### GIVEN ENTRIES ###

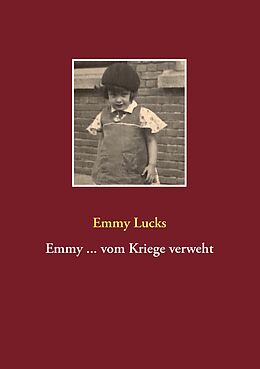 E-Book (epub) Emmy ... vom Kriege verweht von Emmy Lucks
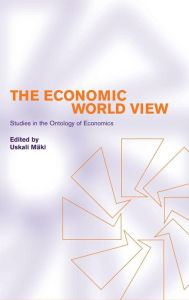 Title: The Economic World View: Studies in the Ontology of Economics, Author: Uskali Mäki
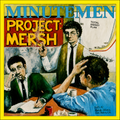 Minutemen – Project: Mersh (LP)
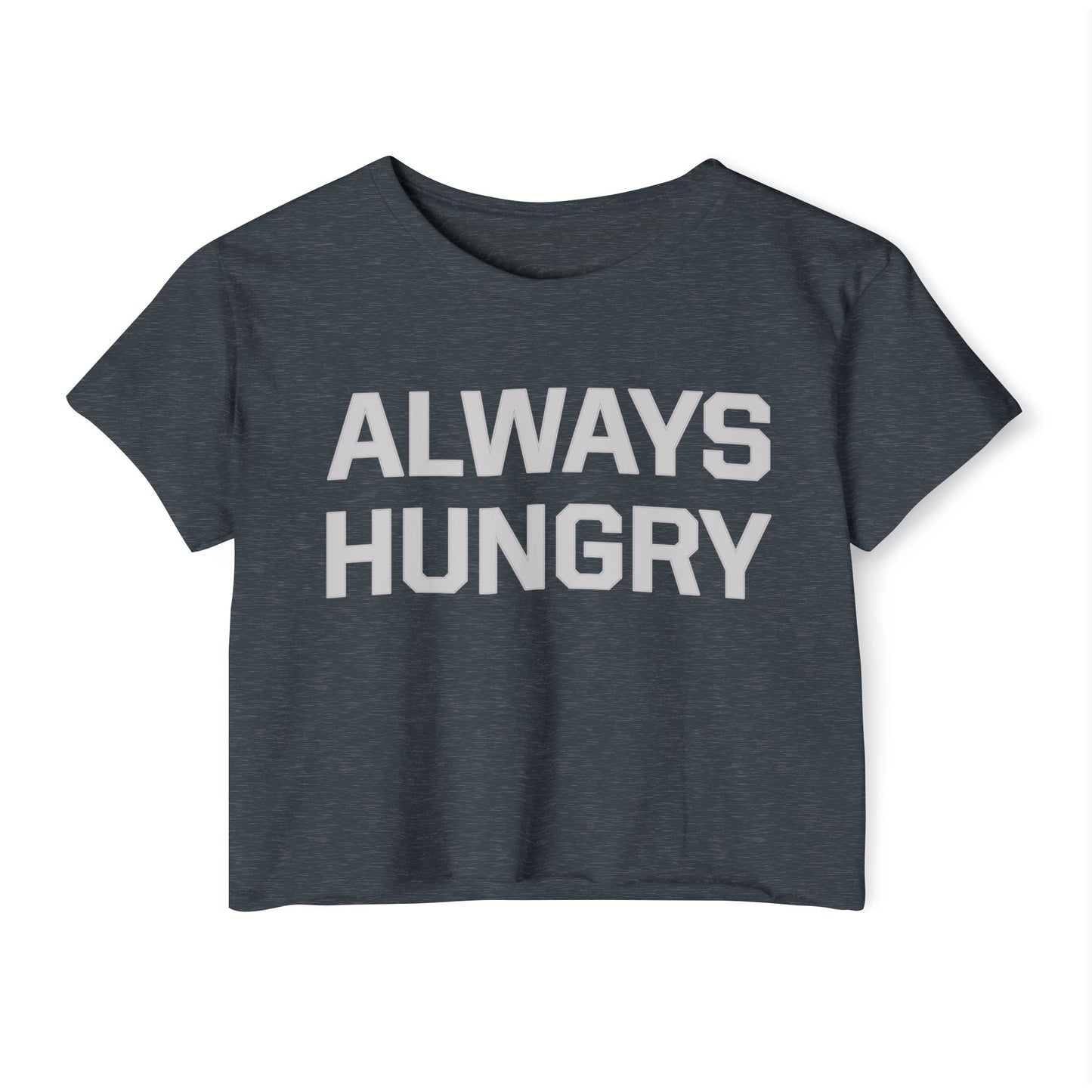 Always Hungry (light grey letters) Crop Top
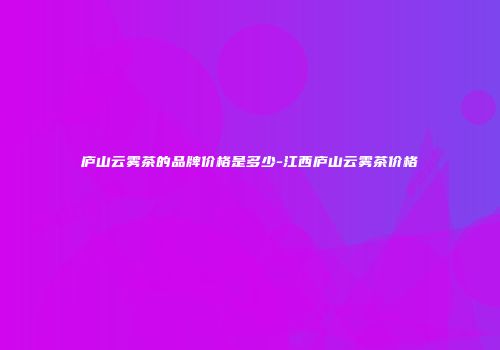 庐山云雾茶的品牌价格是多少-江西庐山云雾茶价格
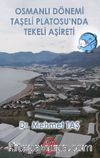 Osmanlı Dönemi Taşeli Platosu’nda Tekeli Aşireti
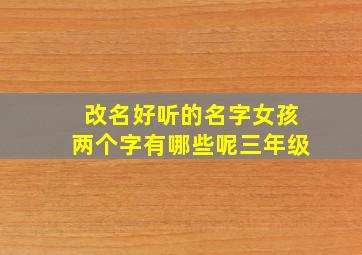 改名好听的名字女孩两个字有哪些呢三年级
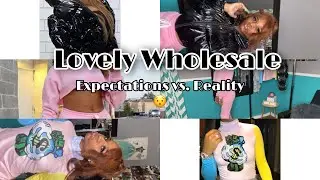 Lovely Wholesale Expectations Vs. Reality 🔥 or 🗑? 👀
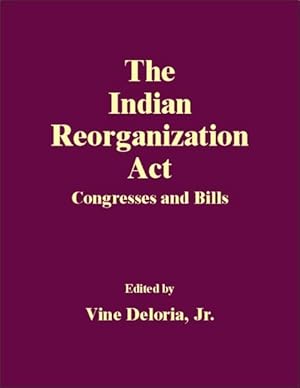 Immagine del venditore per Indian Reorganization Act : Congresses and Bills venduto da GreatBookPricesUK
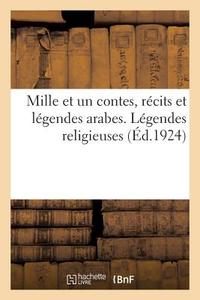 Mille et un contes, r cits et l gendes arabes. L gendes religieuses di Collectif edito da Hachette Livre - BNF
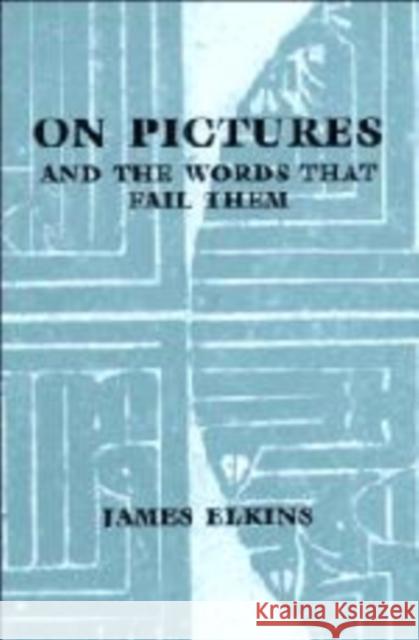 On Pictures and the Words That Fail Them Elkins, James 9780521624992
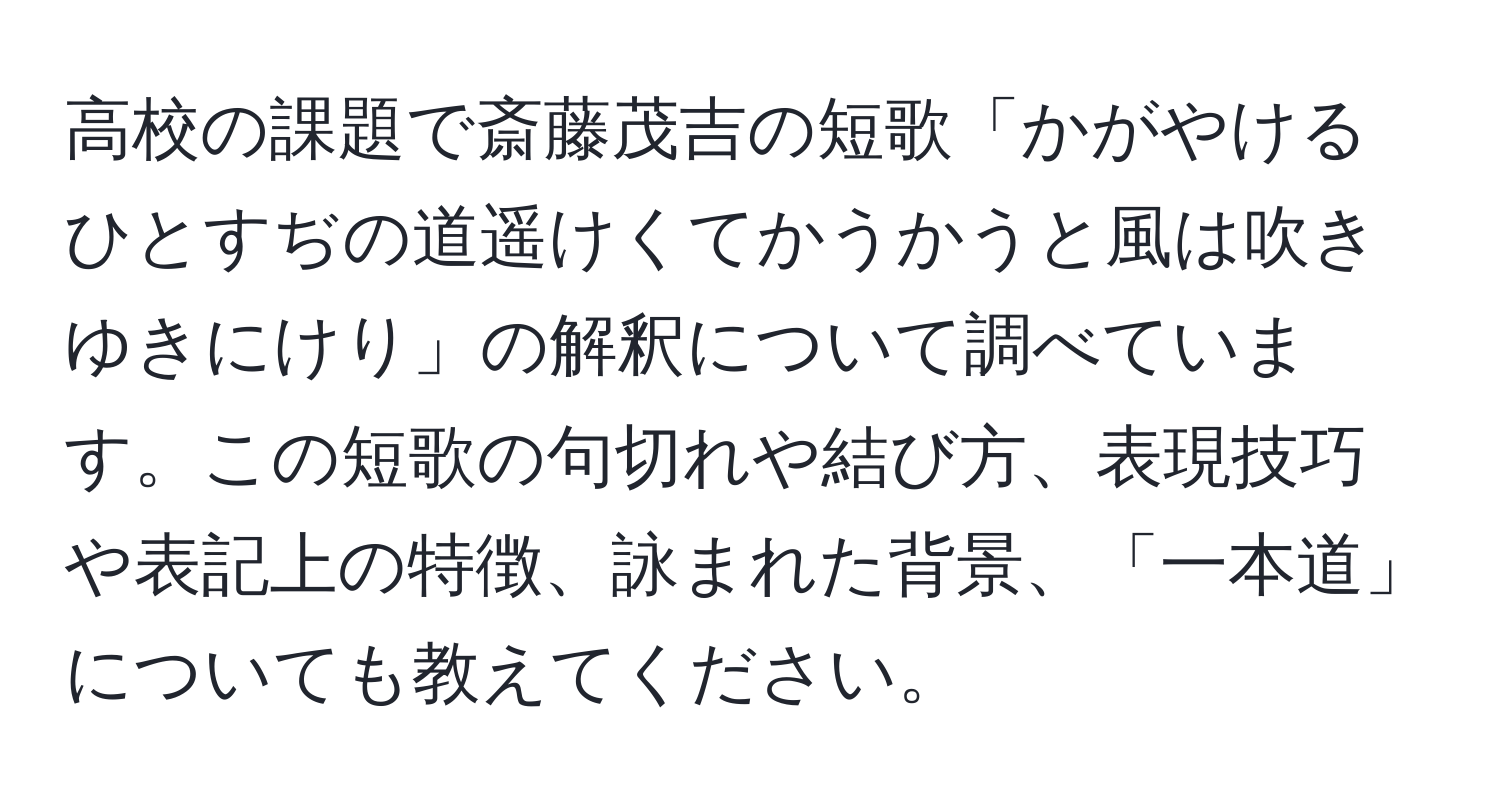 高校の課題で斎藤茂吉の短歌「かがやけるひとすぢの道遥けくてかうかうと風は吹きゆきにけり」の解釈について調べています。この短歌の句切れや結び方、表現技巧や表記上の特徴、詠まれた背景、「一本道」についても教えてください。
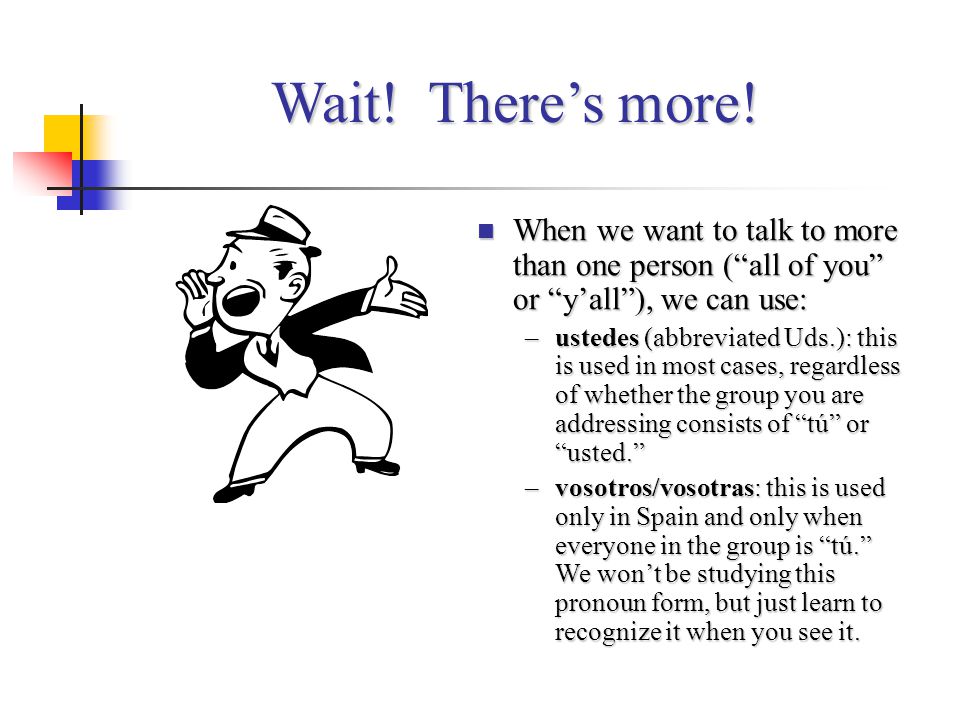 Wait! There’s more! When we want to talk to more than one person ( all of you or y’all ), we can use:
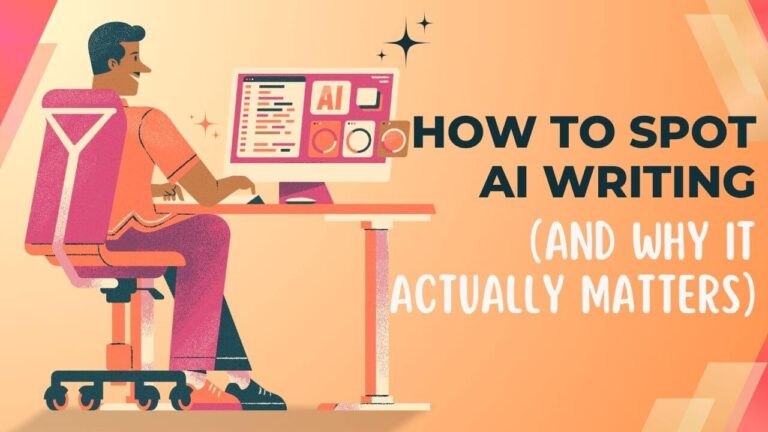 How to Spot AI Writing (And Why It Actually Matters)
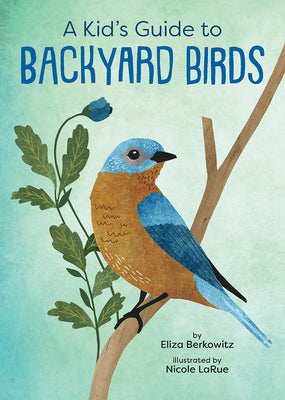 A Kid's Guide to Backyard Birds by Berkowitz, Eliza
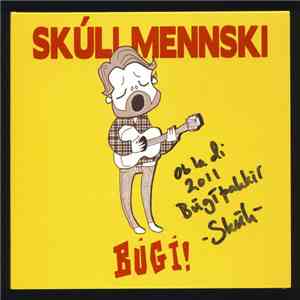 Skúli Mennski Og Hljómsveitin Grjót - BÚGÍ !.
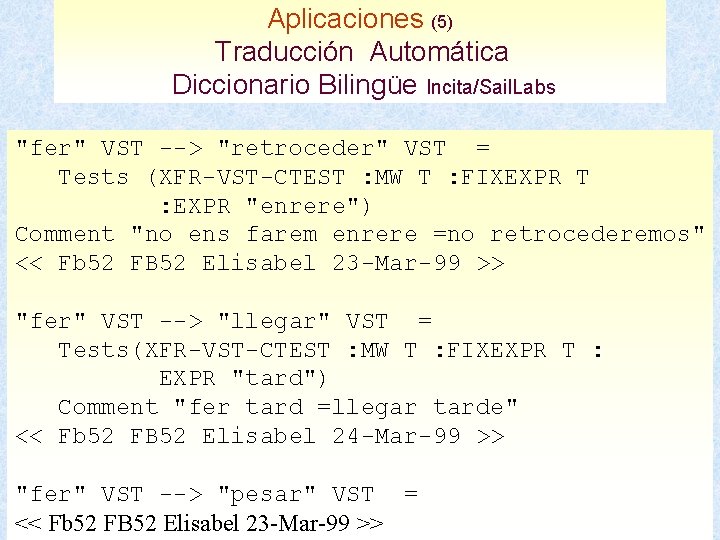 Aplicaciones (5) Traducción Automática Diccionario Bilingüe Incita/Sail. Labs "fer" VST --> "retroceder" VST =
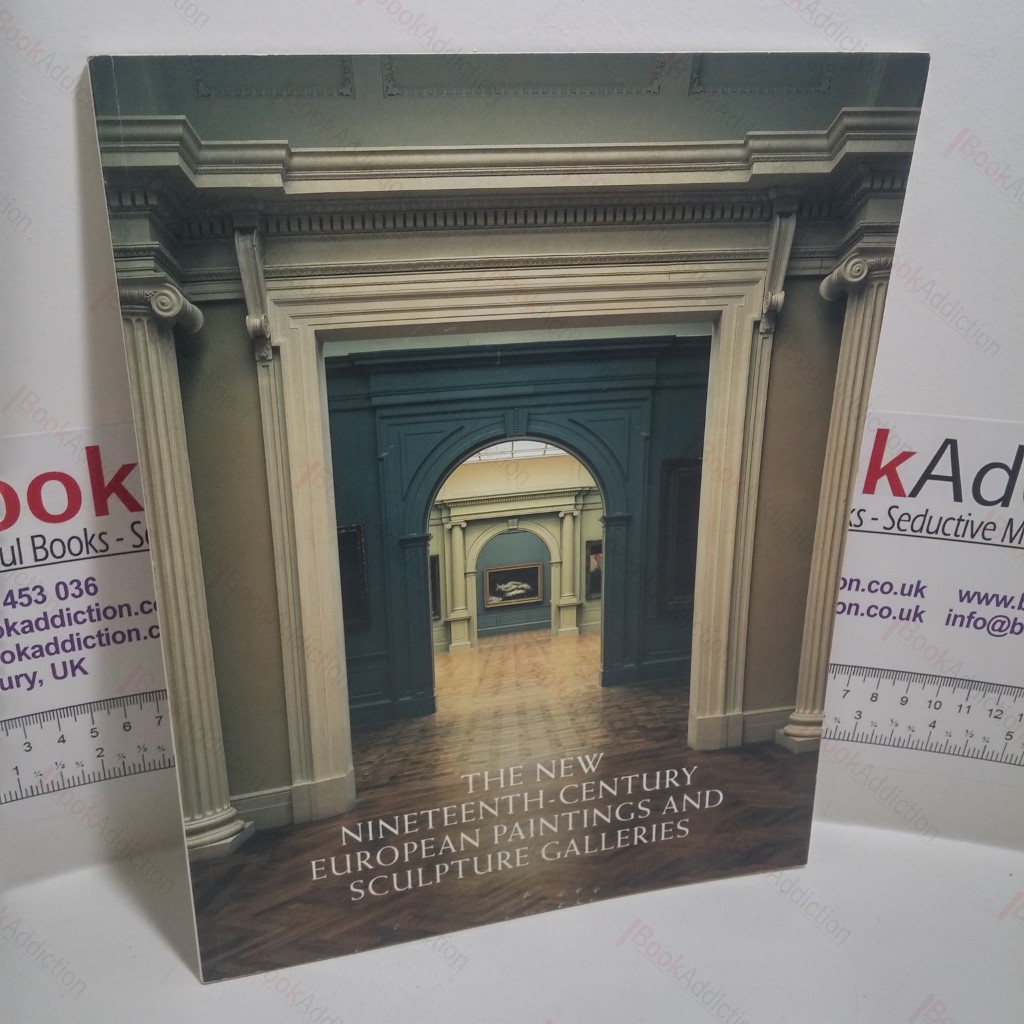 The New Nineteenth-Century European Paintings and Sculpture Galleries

###

TASK OBJECTIVE: What is the exact wording of the lines from the one bearing "Skúli Mennski Og" through the final line of the records above? Write it out without the pictures.

EXPECTED OUTPUT:
 Skúli Mennski Og Hljómsveitin Grjót - BÚGÍ !.
 Aplicaciones (5) Traducción Automática Diccionario Bilingüe Incita/Sail. Labs "fer" VST --> "retroceder" VST =
 The New Nineteenth-Century European Paintings and Sculpture Galleries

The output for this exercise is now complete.